DATA FOR THIS EXERCISE →
________________________

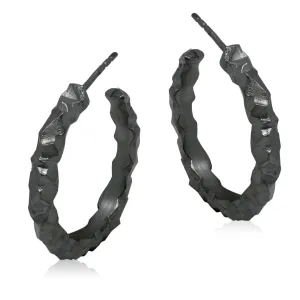 Carved In The Rock Thin Hoop Earrings Black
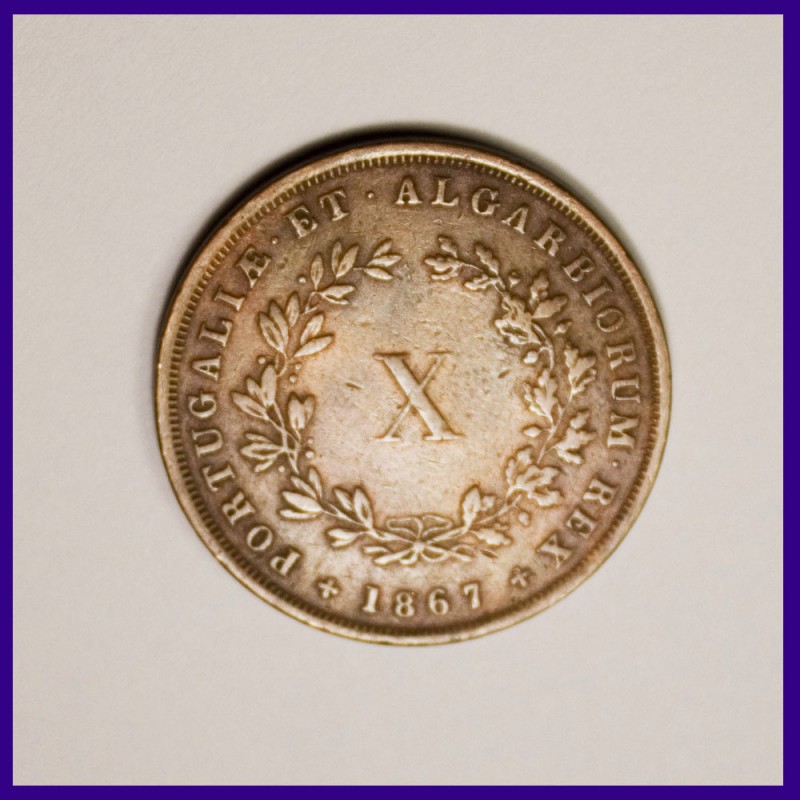 Portugal 1867 X Reis - Luiz I Copper Coin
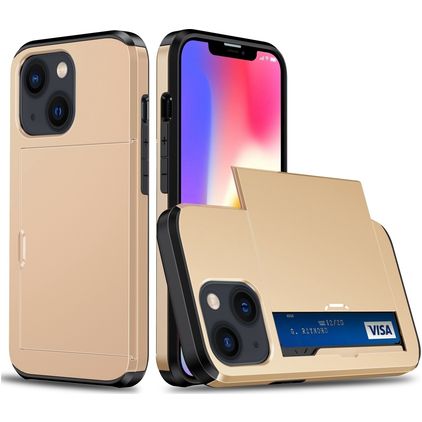 Mobigear Card iPhone 15 Plus Hülle Hardcase Backcover Stoßfest mit Kartenhalter - Gold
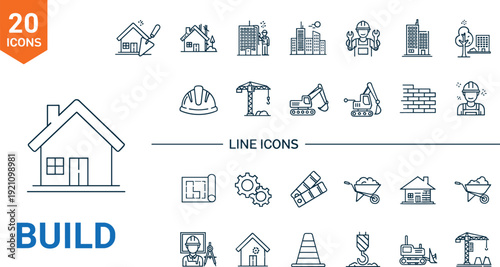 Construction Line Icons Set, Editable Stroke Building and Engineering Outline Vector Collection with House, Crane, Worker and Industrial Tools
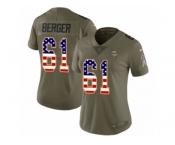 Women Nike Minnesota Vikings #61 Joe Berger Limited Olive USA Flag 2017 Salute to Service NFL Jersey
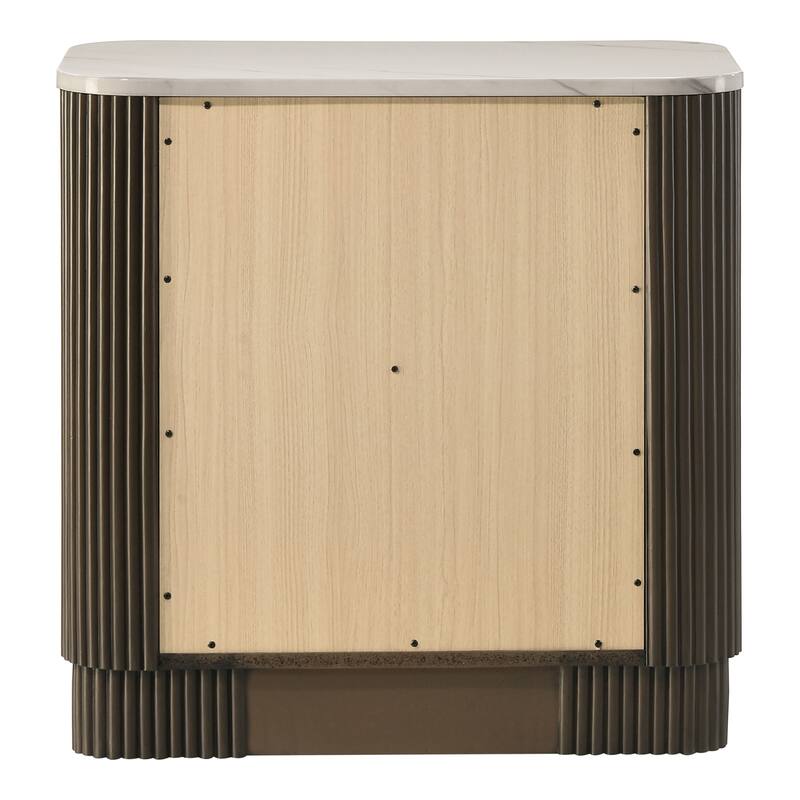 Furniture of America Alta Modern Dark Walnut 2-Drawer Nightstand with Artificial Marble Top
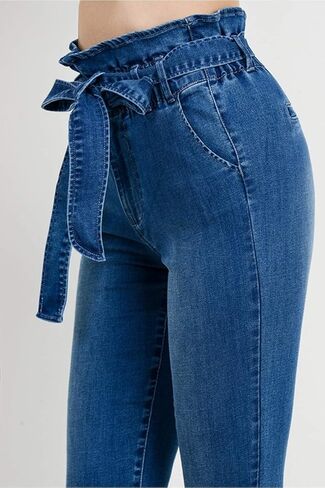 حقيبة ورقية للسيدات من خانوماك بخصر عالٍ مع حزام ربط ذاتي من قماش الدنيم الضيق in Kuwait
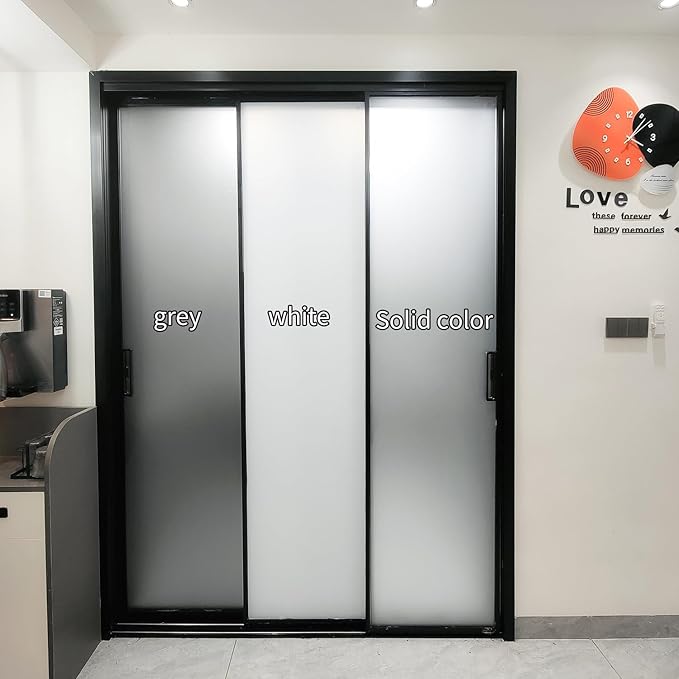 Frosted Glass Window Privacy Film Decorative, Bathroom Privacy Film for Glass Windows Cover, Static Cling, Removable, Reusable, Anti-UV, Anti-Glare, Heat Blocking,（Pure,17.5X196.9Inch）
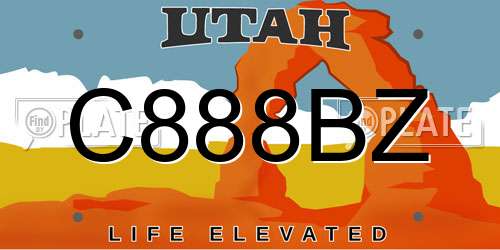 C888BZ Utah License Plate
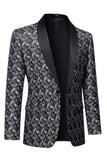 Men's Black Shawl Lapel One Button Jacquard Prom Blazer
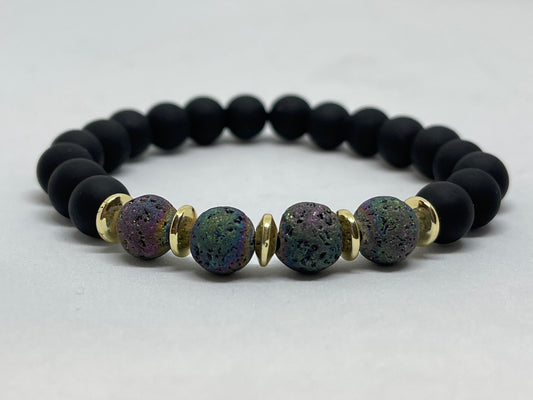 AB Lava Stone Stretch Bracelet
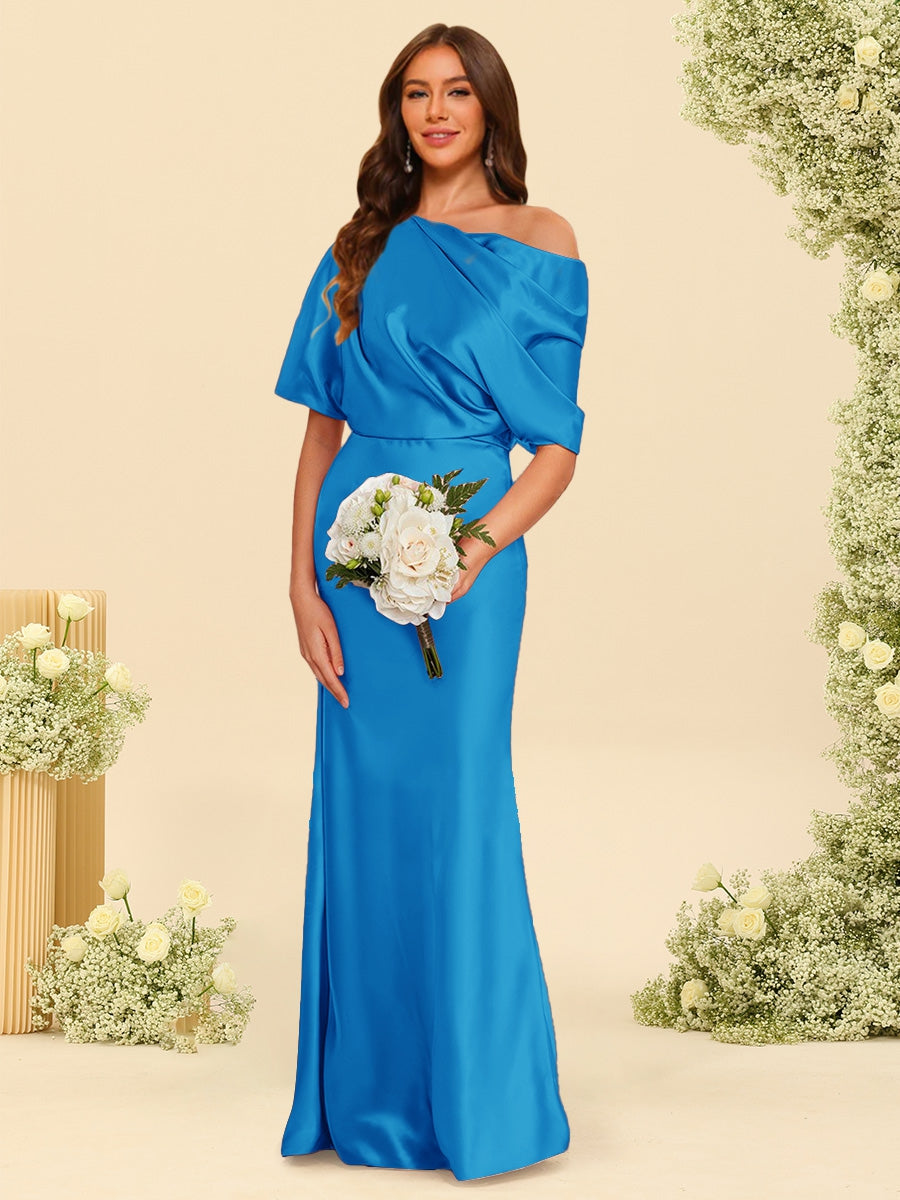 Trumpet/Mermaid One-Shoulder Half Sleeves Bridesmaid Dresses With Ruched Ocean Blue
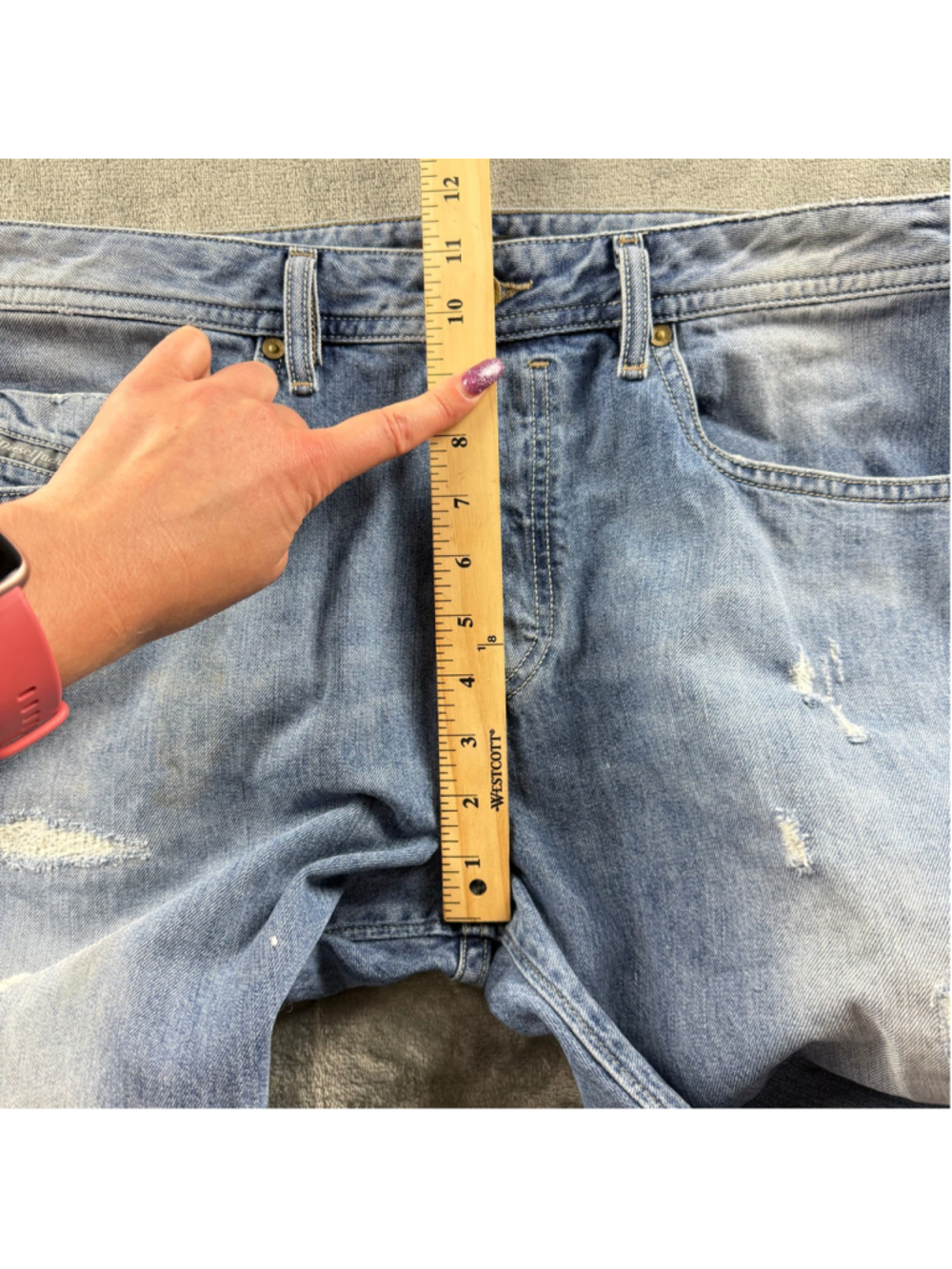 Diesel Buster Jeans Men’s W36 L32 Distressed Slim Tapered Y2K Indie Sleaze Blue - Picture 13 of 16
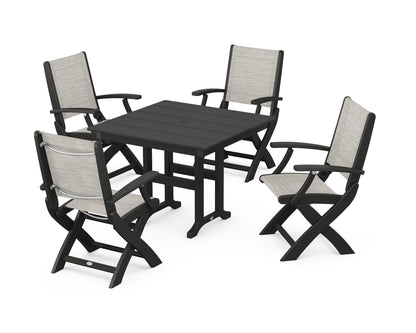 POLYWOOD® Coastal Folding Chair 5-Piece Farmhouse Dining Set in Black / Birch Sling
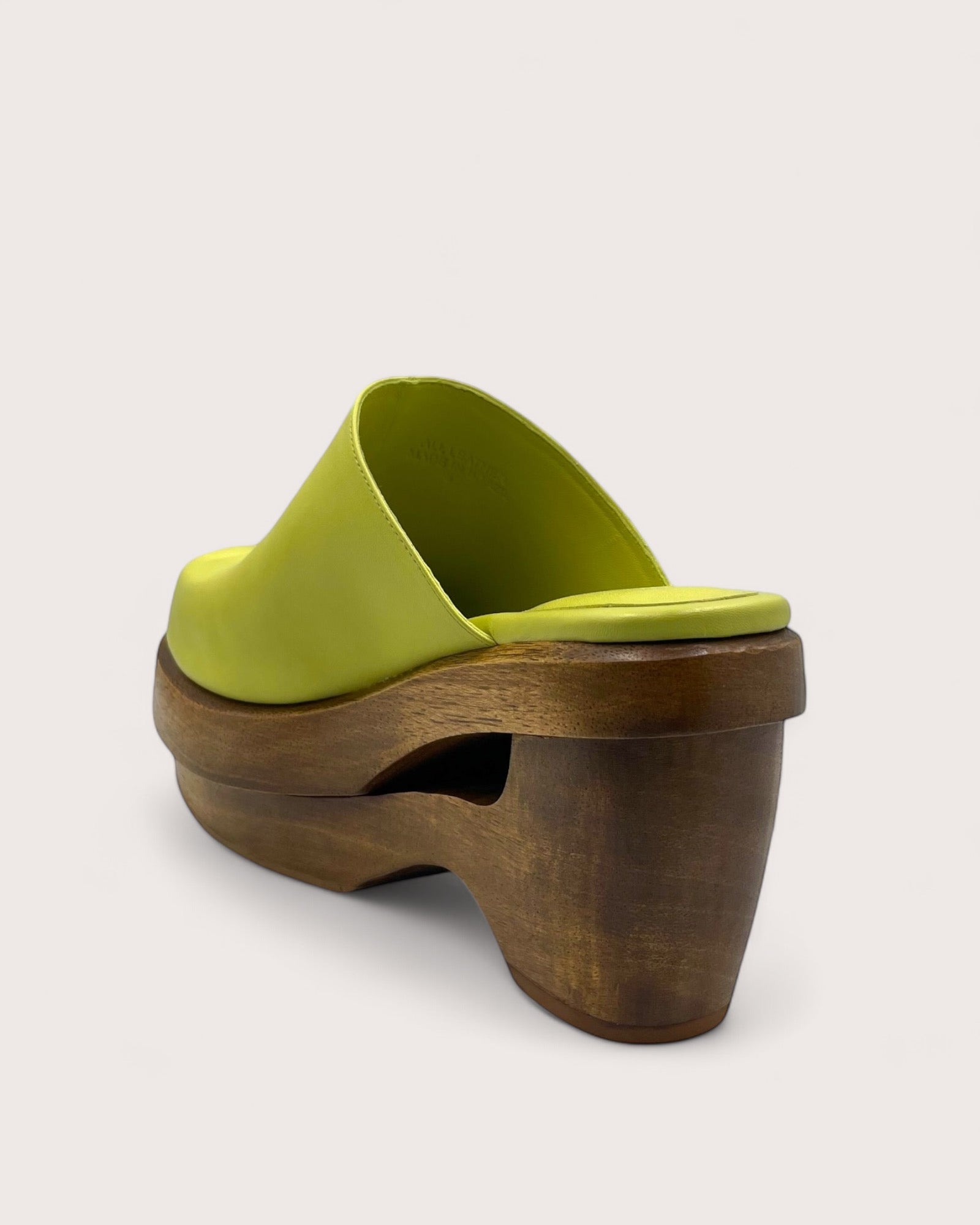 535A Bond Carter Leather and Wood Clog Shoes in Avocado Three Quarter Back View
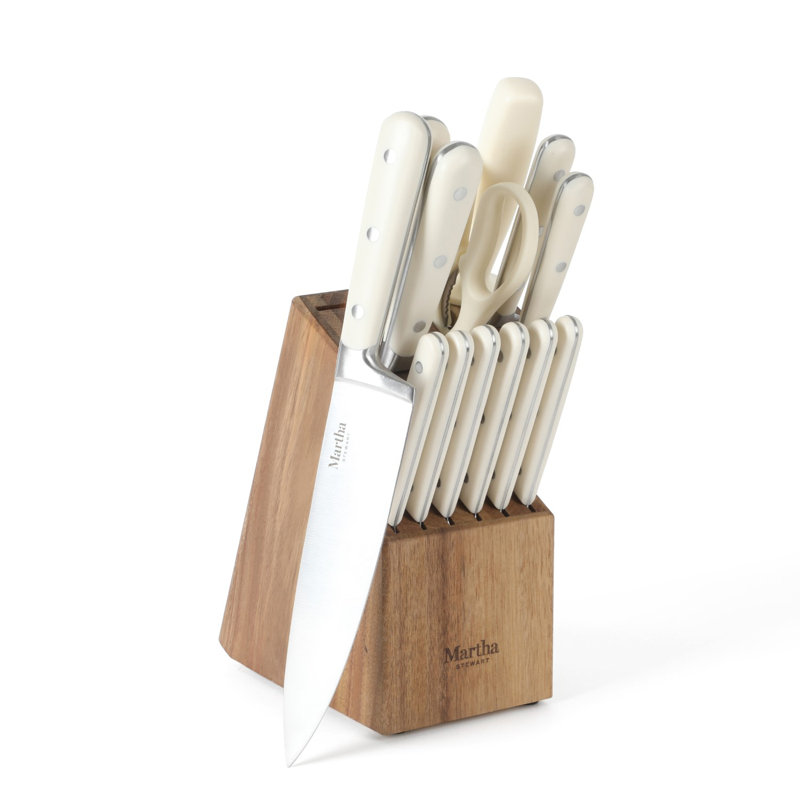 Ensemble de 14 blocs à couteaux 14 pièces, Acier inoxydable (18/10), Blanc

________________________

WHAT YOU ARE ASKED TO DO →
Using the data above, give again exactly the lines starting at the one holding "C888BZ Utah License Plate" and ending at the one holding "POLYWOOD® Coastal Folding", inclusive, and nothing more. Omit the pictures.

EXERCISE ANSWER →
 C888BZ Utah License Plate
 Men's Black Shawl Lapel One Button Jacquard Prom Blazer
 AB Lava Stone Stretch Bracelet
 Trumpet/Mermaid One-Shoulder Half Sleeves Bridesmaid Dresses With Ruched Ocean Blue
 Diesel Buster Jeans Men’s W36 L32 Distressed Slim Tapered Y2K Indie Sleaze Blue - Picture 13 of 16
 POLYWOOD® Coastal Folding Chair 5-Piece Farmhouse Dining Set in Black / Birch Sling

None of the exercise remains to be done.